• DATASET CONTENT:
----------

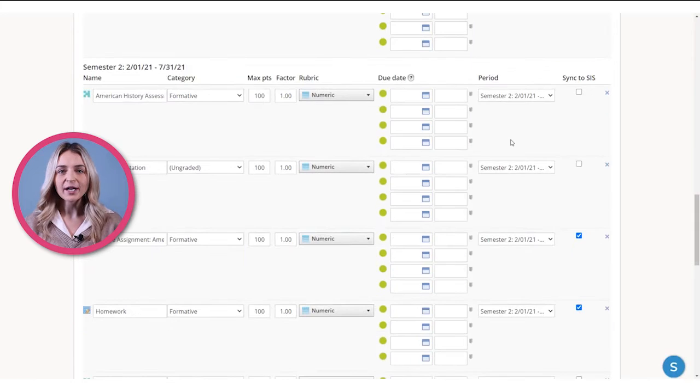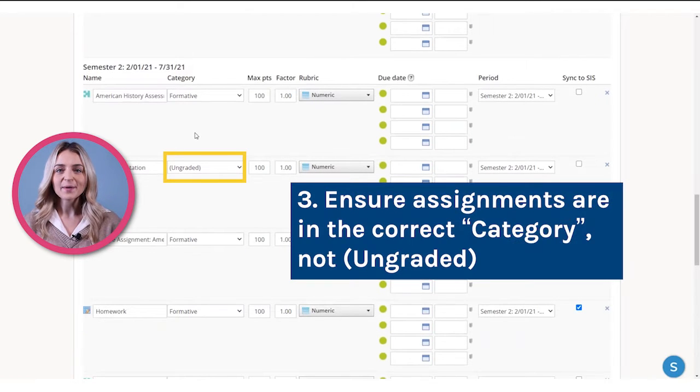First, under category, you should make sure that your assignments are not labeled as ungraded. This step is key in making sure that grades transfer to the student information system.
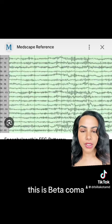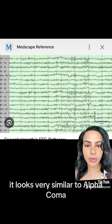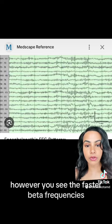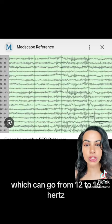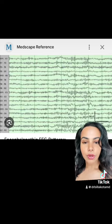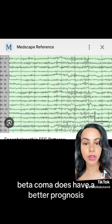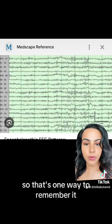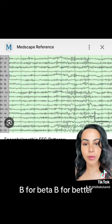Beta coma looks very similar to alpha coma; however, you see faster beta frequencies, which can go from 12 to 16 hertz. Beta coma does have a better prognosis, and that's one way to remember it — B for beta, B for better.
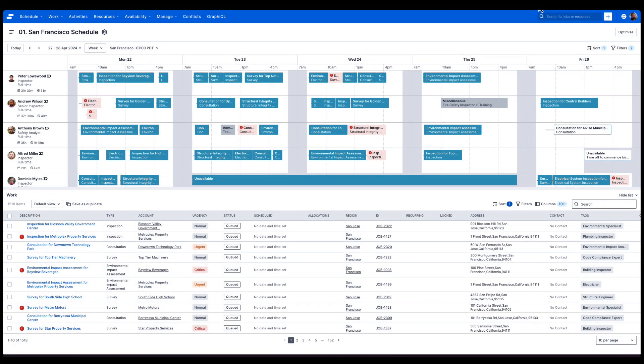Let's jump in and look at contextual editing. First, I'm going to launch the context panel by clicking on one of the jobs from the swim lane.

----------

• TASK GOAL: Repeat, line for line and exactly, the material from its first line through the line that contains "Beta coma looks", both ends included; no pictures belong in the copy.

• PROBLEM SOLUTION:
First, under category, you should make sure that your assignments are not labeled as ungraded. This step is key in making sure that grades transfer to the student information system.
Beta coma looks very similar to alpha coma; however, you see faster beta frequencies, which can go from 12 to 16 hertz. Beta coma does have a better prognosis, and that's one way to remember it — B for beta, B for better.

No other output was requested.